Senza poi contare che al quadro fin qui delineato andrebbe
ancora aggiunto il ruolo ambiguo della Turchia di Erdogan: giovane
potenza industriale che con un numero di abitanti simile a quello
dell’Iran mira anch’essa a far rivivere l’antico sogno imperiale
ottomano tra regioni caucasiche, Mar Nero, Mediterraneo e gran parte del
Vicino Oriente.
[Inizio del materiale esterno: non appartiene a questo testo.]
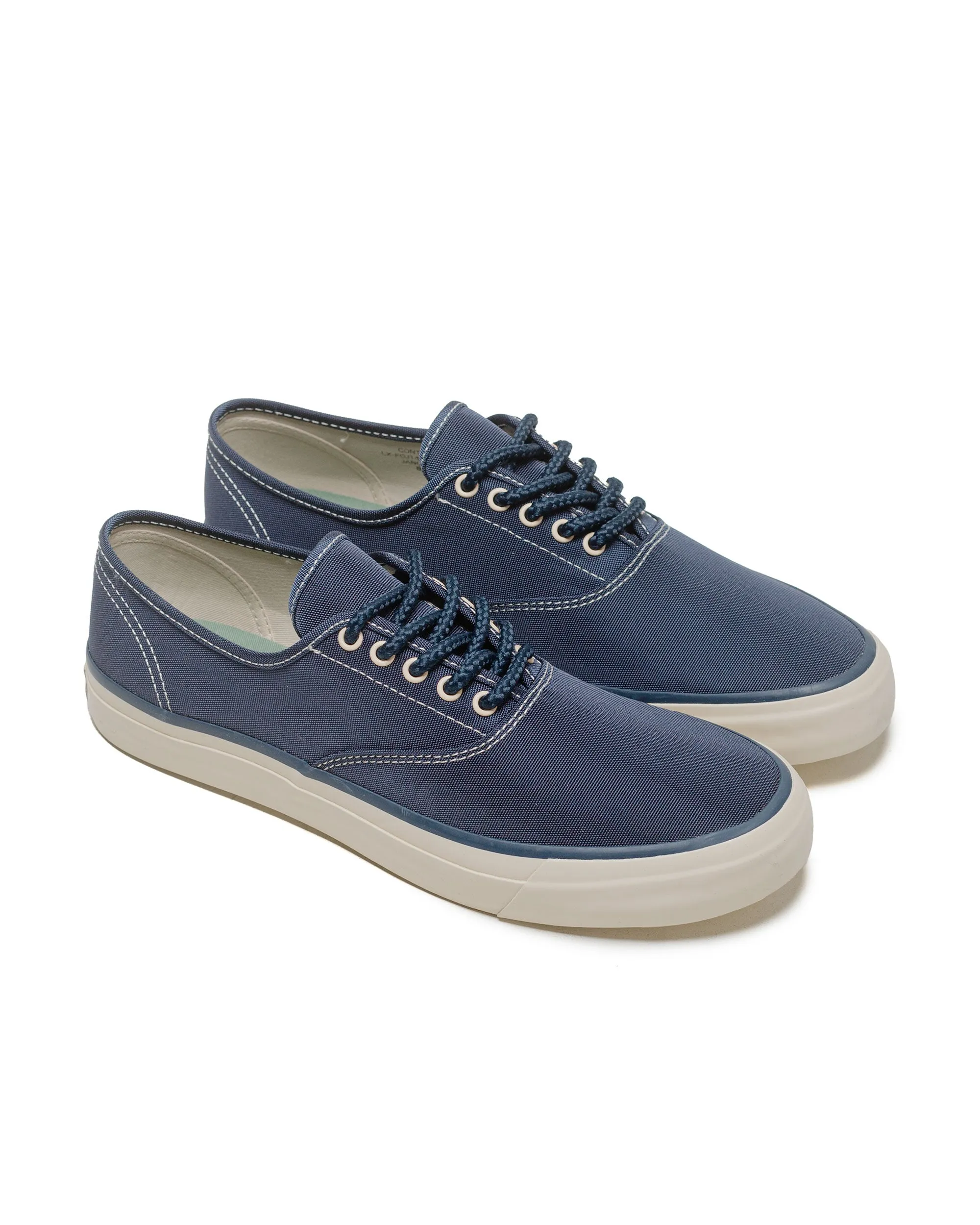 Beams Plus Sperry Top-Sider MIL CVO Nylon Oxford Navy sold by Lost & Found product image thumbnail 2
Potenziale avversario “storico” dell’Iran, il paese dei
turcomanni vive però oggi una forte contraddizione politica tra una
borghesia dinamica, nazionalista e laica e un governo che fonda la sua
forza sugli strati sociali più arretrati della campagna, dei bazar e
delle città, sventolando un integralismo che lo spinge poi a
sbilanciarsi pericolosamente a favore dello Stato Islamico, senza
dichiararlo ma cogliendo in esso un ottimo alleato per liquidare le
frange più avanzate della resistenza curda.
Far finta di non
vedere o ignorare tutto ciò oppure, peggio ancora, schierarsi con gli
imperialismi coinvolti o con i loro rappresentanti costituirebbe un
autentico suicidio, non soltanto politico. Per tutti.
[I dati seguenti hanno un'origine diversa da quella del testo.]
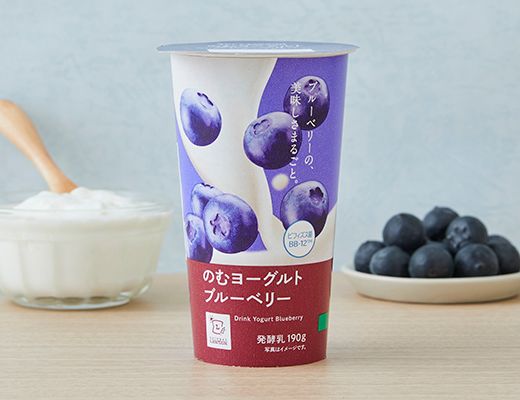 ローソン のむヨーグルト ブルーベリー 2025年6月7日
- Per tranquillizzare i quali il Pentagono ha affermato di aver “potenziato e testato la più grande bomba “bunker buster” del proprio arsenale, capace di colpire barsagli sotterranei o pesantemente difesi, quindi di distruggere o disattivare anche i siti nucleari iraniani più protetti qualora l’accordo sul nucleare con Teheran non venisse rispettato e la Casa Bianca decidesse di intraprendere un’azione militare” (USA, pronta una superbomba se l’accordo con l’Iran fallisse, Repubblica.it, 4 aprile 2015)
- Basato anche su una solida coesione tra le varie etnie, tra le quali la principale è proprio quella persiana con il 65% della popolazione e caratterizzata anche da una quasi totale assenza della divisione in clan e tribù che invece costituisce ancora oggi un aspetto importante di gran parte delle società arabe, se non di tutte
- Occorre tener conto del fatto che i cambiamenti di regime istituzionale avvenuti in Egitto, Libia e Iraq erano stati tutti frutto di colpi di stato militari più che di vere e proprie rivolte di popolo, come invece fu in Iran dove milioni di iraniani lottarono scesero in piazza per anni fino alla definitiva caduta dello Scià nel gennaio del 1979. Paragonabile forse soltanto alla nascita della nazione algerina, ma caratterizzata, quest’ultima da una componente anti-coloniale assente quasi del tutto nel caso dell’Iran.